When the realization of their victory begins to sink in, whether in its inevitability running up to an election or in the hazy daze of their improbable win, we like to take comfort and soothe ourselves in the belief that, well, it won’t be so bad.
It is the lowered bar of expectations. Not a question of how good they will be but how bad they won’t be. By anticipating the worst, we are, if not pleasantly surprised when that doesn’t come to pass, relieved at least that the world didn’t blow up or the institutions of governance remain functioning even at a diminished capacity. The sun still rises and the birds continue to sing.
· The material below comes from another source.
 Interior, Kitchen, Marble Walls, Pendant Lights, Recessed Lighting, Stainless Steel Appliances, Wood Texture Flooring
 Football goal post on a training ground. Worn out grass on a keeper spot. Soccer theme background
The one big difference, however, between our modern day conservatives and the Bard’s heroic man who would be king, Hal, is that the fictional prince actually cleared the bar, spectacularly so, much to the woe of Hotspur and, ultimately, the French at Agincourt. This story shall the good man teach his son/And Crispin Crispian shall ne’er go by/From this day to the ending of the world/But we in it shall be remembered/We few, we happy few, we band of brothers… And gentlemen in England now-a-bed/Shall think themselves accurs’d they were not here/And hold their manhoods cheap whiles any speaks/That fought with us upon Saint Crispin’s day.
By the time Prince Harry became King Henry, his sordid youth, his delinquent past, those low expectations served only as a counterweight, a compare and contrast to the glorious achievements he would attain once he stepped out from behind “…the base contagious clouds…” that did “…smother up his beauty from the world…” and broke “…through the foul and ugly mists/Of vapors that did seem to strangle him.” Hoo-rah! Long live the King!
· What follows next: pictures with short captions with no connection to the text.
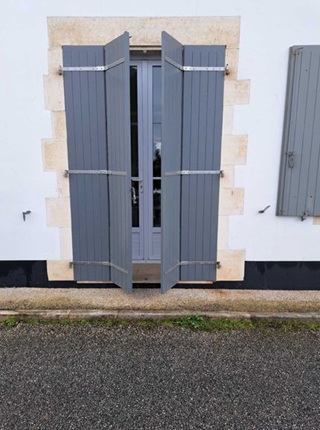 Volet battant en bois gris ouvert en papillon sur porte fenêtre à Périgny chantier neuf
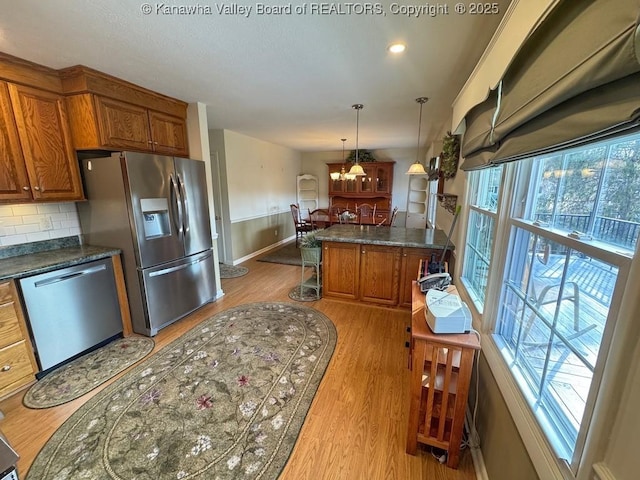 kitchen featuring brown cabinets, dark countertops, stainless steel appliances, and light wood finished floors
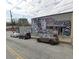 Unique street view featuring vibrant mural art and nearby commercial properties, creating an energetic neighborhood atmosphere at 2367 Cascade Sw Rd # 9C, Atlanta, GA 30311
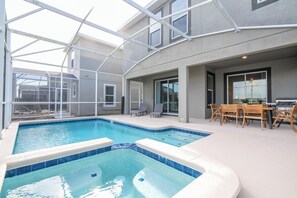 Ein Pool mit Glasumrandung, eine Terrasse mit Gartenmöbeln und ein Küchenbereich mit Grill.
Conservatives these days never intend to clear that bar. They simply bull through, knocking it off its posts and insist on lowering it ever so slightly, incrementally so, to make another anemic attempt to hoist themselves awkwardly over it. We can survive the occasional misadventure but a steady stream of deliberate failures weakens us little by little, bit by bit.
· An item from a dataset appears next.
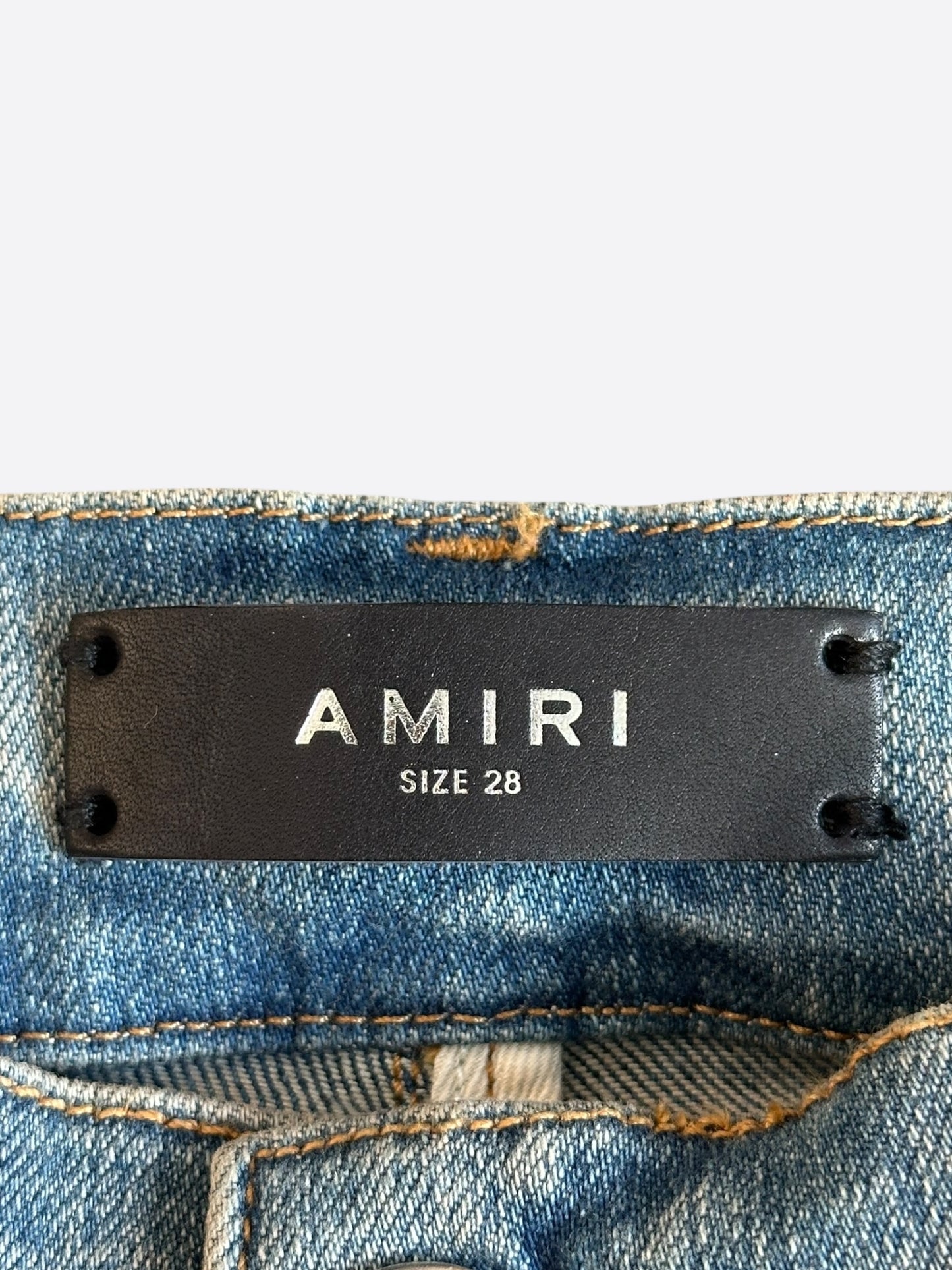Amiri Clay Indigo Quilted Patch Jeans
In this rigged set-up, only the politicians and leaders who aim higher and exhort us to believe in the possibility of positive, inclusive change are the ones that flame out spectacularly.
Our conservatives suffer under no such illusions of grandeur. We expect the worst and appreciate it when that doesn’t actually come to pass. Oh well, we shrug. It’s bad, sure. But it could’ve been a whole lot worse. We sink back into a funk and seem content when we’re informed that we no longer want politicians who offer up grand visions or designs.
From Hal to Homer we’ve traveled. Homer Simpson that is, not the Odyssey Homer. “Trying is the first step to failure.” It is the mantra of the conservative movement. Hey. We can’t do anything for you. Stop thinking we can. Elect me. So we do and the sad fact is, we are never disappointed.